ある日の夕刻に花登氏から電話がかかってきました。「悪いけど今から家へ来てくれへんか、仕事手伝うてほしいねん」
急いで豊中の自宅へ行くと、書斎の机の上に原稿用紙が何枚かづつ束になってならんでいます。
「どれでもええわ、好きなやつあと続けてほしいねん」
見ると「番頭はん・・・」「やりくり・・」など3‐4本がいづれも途中まで書いてある。
「どれでもええいわれても・・」
「とりあえず読んでみて、これならあとの話が続けられそうやというのを引き受けてくれたらええわ。これみんな明日締め切りやねん」
「はあ、わかりました」
とりあえず原稿を読み始めるんですが、速さにまかせて一気に書いた原稿ですからその読みづらいこと、なんとか判読して「わかりました、番頭はんにします」と書きはじめます。
「番頭はんと丁稚どん」は毎日放送テレビがOTVから朝日放送との2局に分かれた直後の昭和34年にスタートしたコメディーで、放送開始直後から爆発的な人気を博し、視聴率は常に30%、最高視聴率はなんと60%を超えた、今では考えられない、言うならば「お化け番組」でした。

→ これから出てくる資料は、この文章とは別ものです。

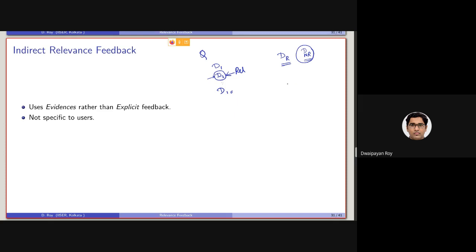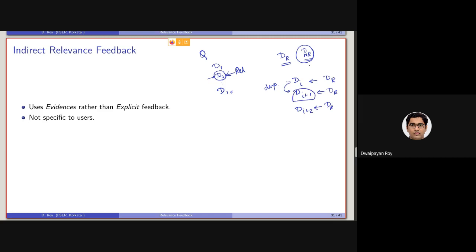It might be the case that there are two duplicate documents ranked at positions Di and Di+1. Let's say the user entered into the Di document — we consider that as DR — and then the user looks at Di+2. If we consider Di as DR and Di+1 as DNR, but they are basically two duplicate documents, then forming this DNR can negatively impact the modification of the query.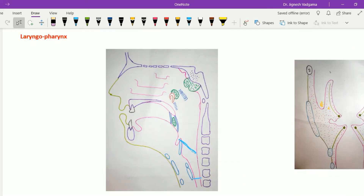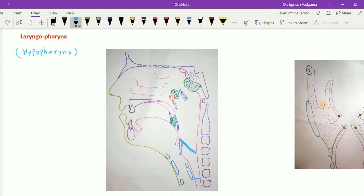Now let's see the laryngopharynx, which is also called the hypopharynx. This laryngopharynx extends from the upper part of the laryngeal inlet to the lower border of the cricoid cartilage. It is bounded behind by C4, C5, and C6 vertebrae, which are covered with the prevertebral muscles ultimately covered by the prevertebral fascia, separated from the wall of the pharynx by the retropharyngeal space.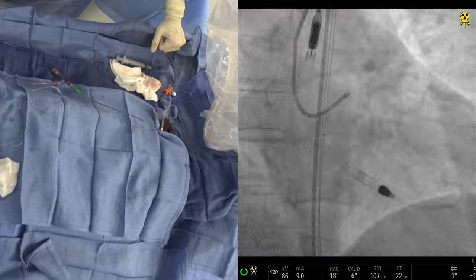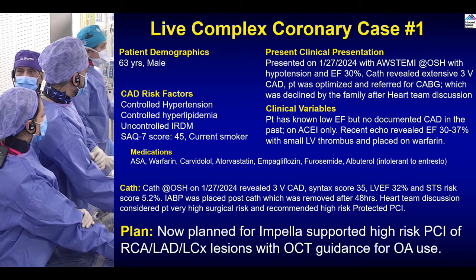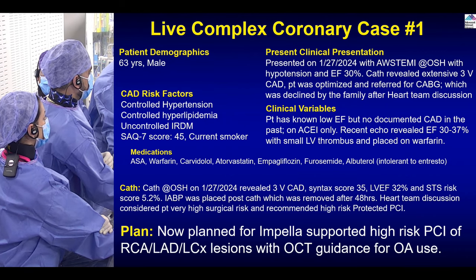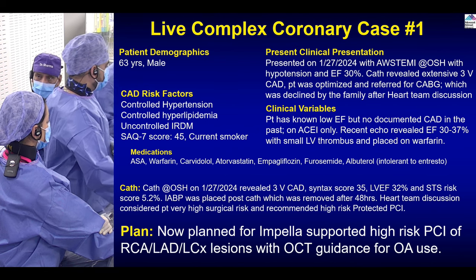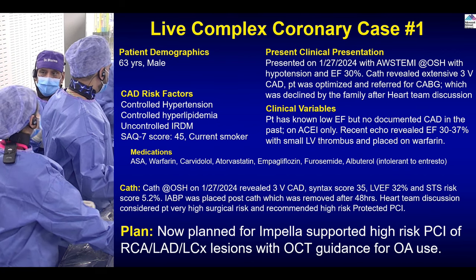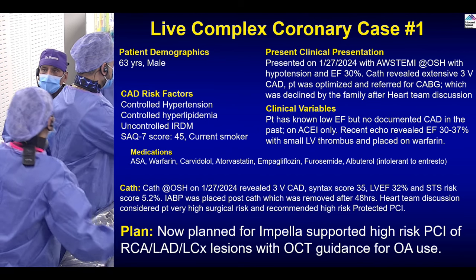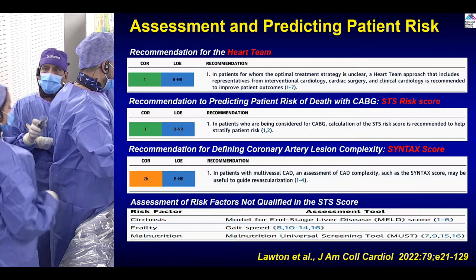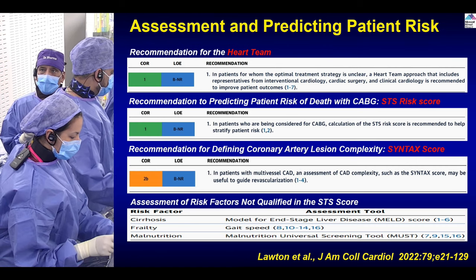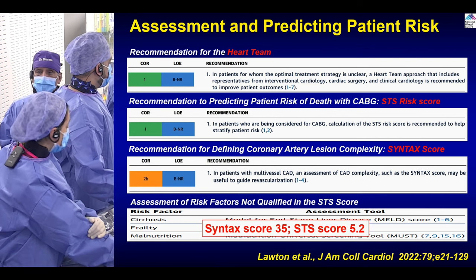Let me complete the presentation. The plan is supported high-risk PCI of multiple lesions with OCT guidance. There is calcium, but it seems on angiogram to be in the area of non-obstruction — ectatic and calcified, but the true lesion in both circumflex and LAD is without calcium at the site of stenosis. This patient's syntax score is 35, STS was 5.2 at that time — probably lower now, around 3, since at that time the patient was near pre-cardiogenic shock with a balloon pump.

番頭はん(芦屋雁の助)と丁稚どん(茶川一郎、芦屋小雁、大村崑)達が、船場の「七ふく堂」(スポンサーが七ふく製薬でしたから)という薬問屋を舞台に繰り広げる笑いと、一寸した人情味のからんだ、典型的な上方喜劇でしたが、なんと行っても当時売り出しのこの四人のコメディアンのキャラクターを存分に発揮させた花登氏の台本と演出が大ヒットの大きな原因でした。